I get so spoiled during the summer by the availability of yummy vegetables and easy meals right out the back door!

4 tomatoes thinly sliced 
2 zucchini thinly sliced
2-3 yellow squash thinly sliced
1 sweet onion thinly sliced
1 tbsp olive oil
2 tbsp fresh oregano
2 tbsp fresh basil
3 fresh garlic cloves minced finely 
1/4 cup freshly shredded mozzarella cheese
Himalayn salt to taste

Layer 1/2 tomatoes, zucchini, squash and onions. Top with 1/2 the oregano, 1/2 the minced garlic and 1/2 the olive oil. Season with salt. Later the remaining vegetables and top with garlic, oregano and oil. Cover and bake at 375 for about 45 minutes. Top with cheese and bake additional 5 minutes. Serve with fresh basil

Homemade Sriracha

I got this recipe from a dear friend and have adjusted to my preferences. It makes a good bit and you can save for later use by canning, but if your like me, I put sriracha on anything and just store in a large container in the fridge. 

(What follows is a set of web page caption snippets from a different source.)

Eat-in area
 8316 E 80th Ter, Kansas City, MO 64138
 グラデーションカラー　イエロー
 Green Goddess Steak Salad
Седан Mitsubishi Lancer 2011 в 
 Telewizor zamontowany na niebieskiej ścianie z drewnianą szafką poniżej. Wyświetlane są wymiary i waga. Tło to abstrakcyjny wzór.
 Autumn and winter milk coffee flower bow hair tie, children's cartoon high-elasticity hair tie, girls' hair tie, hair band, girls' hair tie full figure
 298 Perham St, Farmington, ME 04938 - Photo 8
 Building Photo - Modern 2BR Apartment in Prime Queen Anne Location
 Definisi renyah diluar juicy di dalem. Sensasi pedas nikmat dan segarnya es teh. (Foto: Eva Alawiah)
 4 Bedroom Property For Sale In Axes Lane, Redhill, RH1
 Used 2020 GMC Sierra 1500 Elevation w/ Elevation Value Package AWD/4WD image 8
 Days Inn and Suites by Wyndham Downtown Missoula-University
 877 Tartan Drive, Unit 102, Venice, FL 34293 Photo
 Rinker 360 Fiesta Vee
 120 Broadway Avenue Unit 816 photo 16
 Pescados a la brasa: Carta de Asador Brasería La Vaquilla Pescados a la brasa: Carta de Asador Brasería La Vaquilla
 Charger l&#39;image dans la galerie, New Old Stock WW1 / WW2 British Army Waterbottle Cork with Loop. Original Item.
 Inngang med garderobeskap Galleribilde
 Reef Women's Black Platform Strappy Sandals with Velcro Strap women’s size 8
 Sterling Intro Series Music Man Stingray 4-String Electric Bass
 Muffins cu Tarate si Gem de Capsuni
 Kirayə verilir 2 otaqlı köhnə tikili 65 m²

1 1/4 cups peeled garlic cloves
1 lb of red jalapeƱos. Sliced and most seeds removed. Leave more for more spice. 
2 1/4 cup rice wine vinegar 
1/4 cup local honey
2 tbsp Himalayan salt
2 tbsp fish sauce

Place all but fish sauce in a large pan and bring to a simmer till mostly cooked together. About a hour. Add fish sauce and use an immersion mixer to get a finer consistency. Store in fridge. 

Monday, May 18, 2015

Whipped Coconut Cream

YES! This is every bit as yummy as whipping cream but absolutely not the same to your bottom. 

1 can organic coconut milk
3-4 tbsp stevia in the raw or sugar. Use your preference. Stevia just keeps it very low calorie. 
1 1/2 tsp pure vanilla extract

Allow the can of coconut milk to refrigerate for 24 hours. When you open, the top with be hard and separated from the water at bottom. With a spatula, take hardened layer out and place in your bowl. Leave the water for later use in a yummy smoothie. Add stevia and vanilla and whip just like you would heavy whipping cream on a high speed. ENJOY!

Friday, May 8, 2015

Strawberry Muffins

When strawberries are in season, it makes it hard to EVER purchase grocery store berries again. They are like candy. No added sugar of course. 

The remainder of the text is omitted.